Like they'll stay on the roads this time either.... These wankers live for ~new~ ground....
Look at all those horse trails! lol
You sound like my daughter, who sees horse trails in every landscape! Set up a few jumps, and she's in business...
Having grown up in SoCal ('spans alot) it seems to be just natural habitat to me. ;)
What about both of the endangered lizards? The little mouse? The fleas? Oh, the humanity....
You are unimformed.
I spent three years on the BLM RAC in Nevada. It is a fact that when adequate routes are available, maintained and enforced new routes are not created.
Also, there are areas that have "open route" designations, like the one in your photo. Those areas are literaly open to travel across open terrain, road or not.
Mainstream eco-kooks know this yet lie to present the same mantra you do.
And you?
I've spent a lot of time in the woods too. The real fact is, dirt bikers love to climb up the part of the hill no one has climbed before.
I am glad to give them pieces of ground to ride on. It keeps them off the rest of it, we hope.
Those are illegal alien footpaths. And this being California, space alien landing pads.
If it's not an open riding area or private land then the riders are likely breaking the law.
What are these areas you refer to?
Man, you guys (and gals) are so lucky out west. In my state of CT, we have ONE small legal spot to ride out ATV's....it's pathetic.

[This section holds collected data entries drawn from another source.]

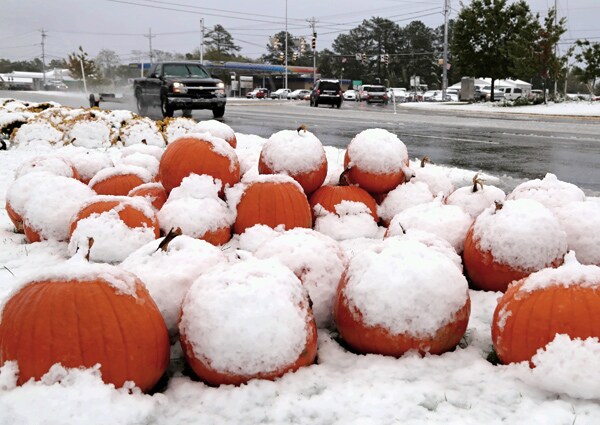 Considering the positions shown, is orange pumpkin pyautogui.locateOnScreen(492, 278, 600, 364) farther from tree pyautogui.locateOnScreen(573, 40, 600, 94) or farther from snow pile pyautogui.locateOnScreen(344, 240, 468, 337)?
tree pyautogui.locateOnScreen(573, 40, 600, 94)

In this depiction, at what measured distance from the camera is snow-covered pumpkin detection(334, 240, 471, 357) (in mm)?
2574

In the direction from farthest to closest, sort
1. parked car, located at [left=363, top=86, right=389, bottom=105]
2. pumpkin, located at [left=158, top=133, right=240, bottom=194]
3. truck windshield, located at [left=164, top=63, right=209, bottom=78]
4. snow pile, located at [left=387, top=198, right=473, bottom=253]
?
1. parked car, located at [left=363, top=86, right=389, bottom=105]
2. truck windshield, located at [left=164, top=63, right=209, bottom=78]
3. pumpkin, located at [left=158, top=133, right=240, bottom=194]
4. snow pile, located at [left=387, top=198, right=473, bottom=253]

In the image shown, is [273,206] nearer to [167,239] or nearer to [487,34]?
[167,239]

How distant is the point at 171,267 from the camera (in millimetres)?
2811

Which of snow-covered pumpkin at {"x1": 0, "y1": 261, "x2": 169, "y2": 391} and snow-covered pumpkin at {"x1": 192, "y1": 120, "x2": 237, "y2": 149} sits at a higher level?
snow-covered pumpkin at {"x1": 192, "y1": 120, "x2": 237, "y2": 149}

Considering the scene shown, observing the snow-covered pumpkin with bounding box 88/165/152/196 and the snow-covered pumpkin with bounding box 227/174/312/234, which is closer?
the snow-covered pumpkin with bounding box 227/174/312/234

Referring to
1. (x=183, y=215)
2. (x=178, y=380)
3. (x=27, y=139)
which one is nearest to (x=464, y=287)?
(x=178, y=380)

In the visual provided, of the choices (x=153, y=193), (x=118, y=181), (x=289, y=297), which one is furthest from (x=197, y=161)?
(x=289, y=297)

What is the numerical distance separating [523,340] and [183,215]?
2.43 metres

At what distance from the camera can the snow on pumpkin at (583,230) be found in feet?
11.4

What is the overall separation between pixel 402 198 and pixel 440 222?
888mm

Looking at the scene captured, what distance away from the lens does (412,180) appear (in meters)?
4.80

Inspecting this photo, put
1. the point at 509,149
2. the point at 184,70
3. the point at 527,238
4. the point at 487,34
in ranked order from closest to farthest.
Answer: the point at 527,238 → the point at 509,149 → the point at 184,70 → the point at 487,34

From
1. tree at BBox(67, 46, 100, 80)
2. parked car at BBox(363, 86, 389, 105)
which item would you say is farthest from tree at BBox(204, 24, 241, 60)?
parked car at BBox(363, 86, 389, 105) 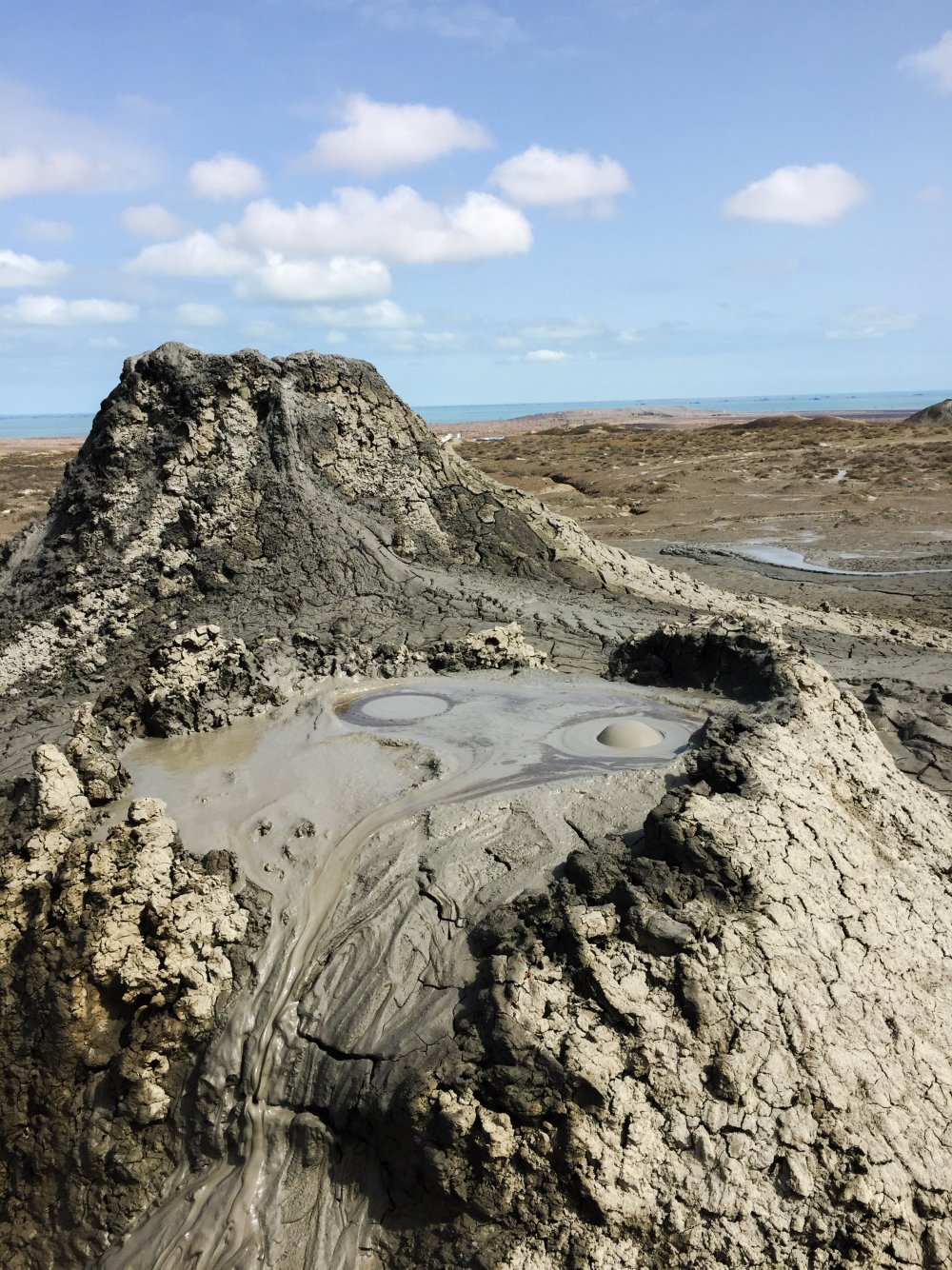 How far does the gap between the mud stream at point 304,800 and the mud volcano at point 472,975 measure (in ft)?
0.06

A decision sure to enrage environmentalists, esp. those who don't want human activity on any federally owned land. Or state land. Or private land. Well, the dirty little secret is that they really think all land should be owned communally as in communism.
...just look for piles of horseshiite, and the wafting aroma that accompanies it!
Where's it at? I'm gettin my kid a new dirtbike.
All of the Mojave in SoCal outside of the following:
Military Reservations
Wilderness Areas
Wilderness Study Areas
National Parks (not always limited)
National Monuments
Mojave National Preserve
The eco-kooks wanted had the entire desert closed down except for a few "open route" areas which comprised less than 1% of the whole area.
This change would have never happened under an aLgore administration.
Why don't you just get him a couple of pounds of calcium carbide and tell him to keep it cold in an ice chest?
I'm up in Western Washington State, Near Olympia, and it is State Forest. Working timber land. Open to the public and a great spot. I know I sound cynical about the ATV crowd, but I am a back-country (horse) trail rider and there is a reason for it. It's an aesthetic difference, with some bad history that makes it more like a rivalry between the two hobbies.
They've got the forest divided in half, Half for motorized vehicles and half for non-motorized. A great solution really, in concept. The horseman share their side with hikers and mountain bicycles, and for tactical reasons, the hunters, just because of the noise on the other side.
We can hear them when we are our side sometimes, and it does change the whole mood of the outdoors, but it's a big place and we can get away from it too.
The trouble I've had really is that on each side there are camp spots. The horse camps are nice camps. Large campsites with corrals, and the horse-campers are quiet by temperament. The bike camps are loud, with a different kind of crowd, drinking at night and loud music, and well, loud bikes buzzing around camp. So the bikers that want quiet come and camp at the horse camps. They can use the bikes on the road in to camp. And do. They want quiet alright, until it is them coming and going, or their own music. So the horse folks complain. We ask them for quiet. When we are off riding, our horse trailer tires get slashed.
We could be allies, each fighting to protect our access to public lands. But they are different cultures, in the woods for different reasons. and we have come to see each other as the enemy. Slashed tires will do that to ya.
I don't know what the rules are in the bike side of the mountain, but the whole place is chewed up, not just trails through it, and I also don't know if there is a rule on the horse side, but there is a ~ethic~ to stay on the trail that is enforce through peer pressure and common understanding. Because we are all there for the peace and beauty, we keep it that way.